José Guadalupe Posada (February 2, 1852 – January 20, 1913) was a Mexican political printmaker and engraver whose work has influenced many Latin American artists and cartoonists because of its satirical acuteness and social engagement. He used skulls, calaveras, and bones to make political and cultural critiques. Among his famous works was La Catrina.
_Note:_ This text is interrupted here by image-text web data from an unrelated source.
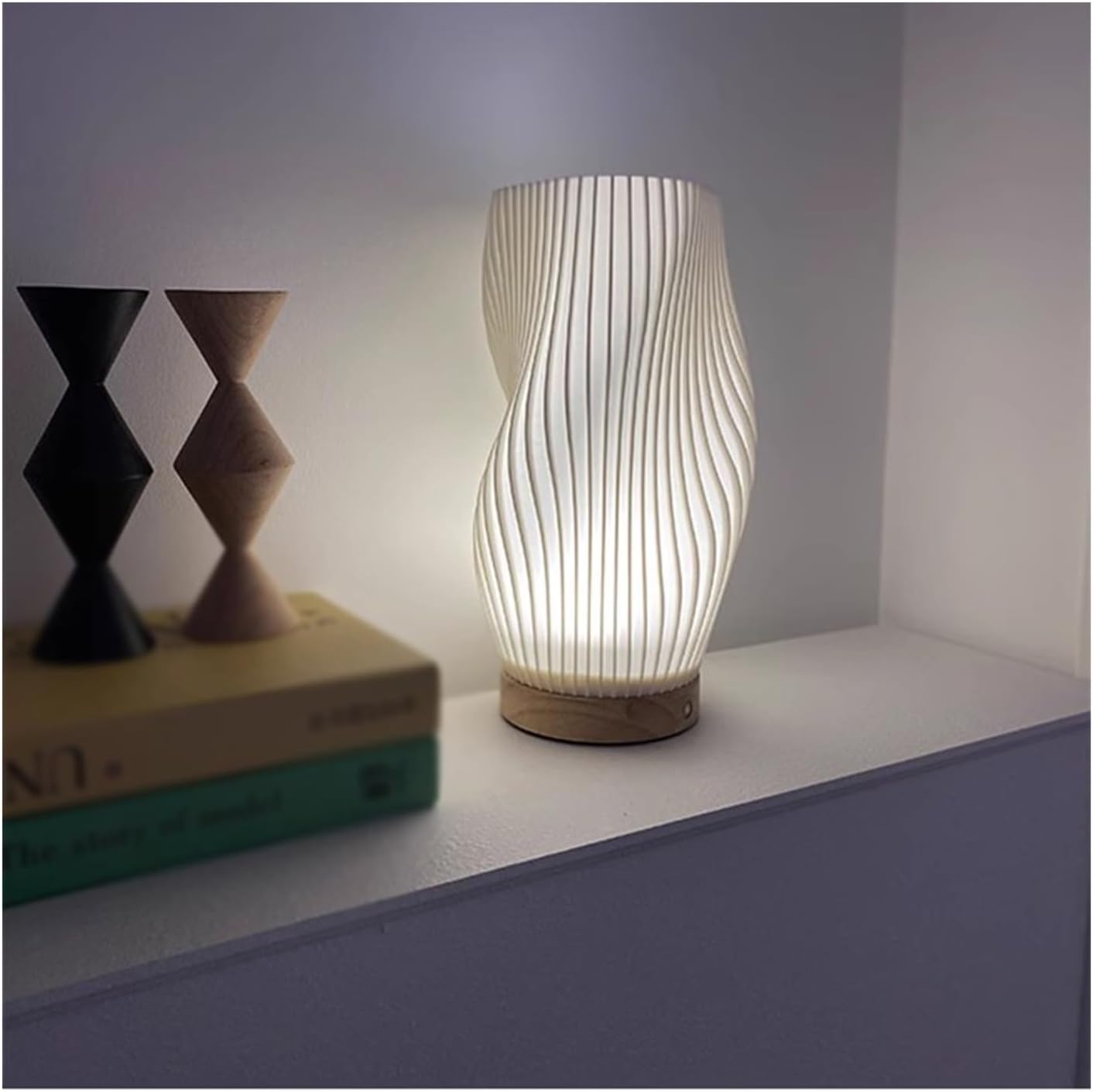 Moderne Tischlampe aus Holz und Kunststoff, wellenförmig, warmweißes Licht, minimalistisches Design.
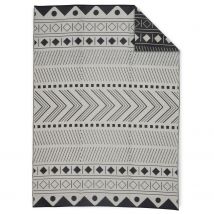 Reversible outdoor rug,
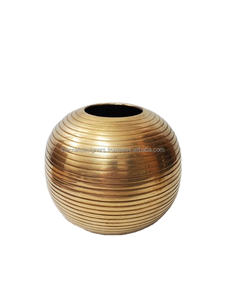 Hot Design Brass Flower Vase Two Classic Pieces Best Selling Modern Style Flower Pots Metal Luxury <b>Table</b> Vase for Decoration - Product Image 3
Posada was born in Aguascalientes on February 2, 1852. His father was Germán Posada Serna and his mother Petra Aguilar Portillo. Posada was one of eight children, among them; José Maria de la Concepción, José Cirilo, José Barbara, José Guadalupe, Ciriaco, and Maria Porfirio. His education in his early years was drawn from his older brother Cirilo, a country school teacher, who taught him reading, writing and drawing. He then joined la Academia Municipal de Dibujo de Aguascalientes (the Municipal Drawing Academy of Aguascalientes). Later, in 1868, as a young teenager he went to work in the workshop of Trinidad Pedroso, who taught him lithography and engraving. Some of his first political cartoons were published in El Jicote, a newspaper that opposed Jesús Gómez Portugal. He began his career as an artist making drawings, copying religious images and assisting in a ceramic workshop.

In 1872, Posada and Pedroza dedicated themselves to commercial lithography in Leon, Guanajuato. While in Leon, Posada opened his own workshop and worked as a teacher of lithography at the School of Secondary education along with continuing his work with lithographs and wood engravings. In 1873, he returned to his home in Aguascalientes where married María de Jesús Vela in 1875. The following year he purchased the printing press from Trinidad Pedroza. From 1875 to 1888, he continued to collaborate with several newspapers in León, including La Gacetilla, el Pueblo Caótico and La education. He survived the great flood of León on June 18, 1888, of which he published several lithographs representing the tragedy in which more than two hundred and fifty corpses were found and more than 1,400 people were reported missing. At the end of 1888, he moved to Mexico City, where he learned the craft and technique of engraving in lead and zinc. He collaborated with the newspaper La Patria Ilustrada and the Revisita de Mexico until the early months of 1890.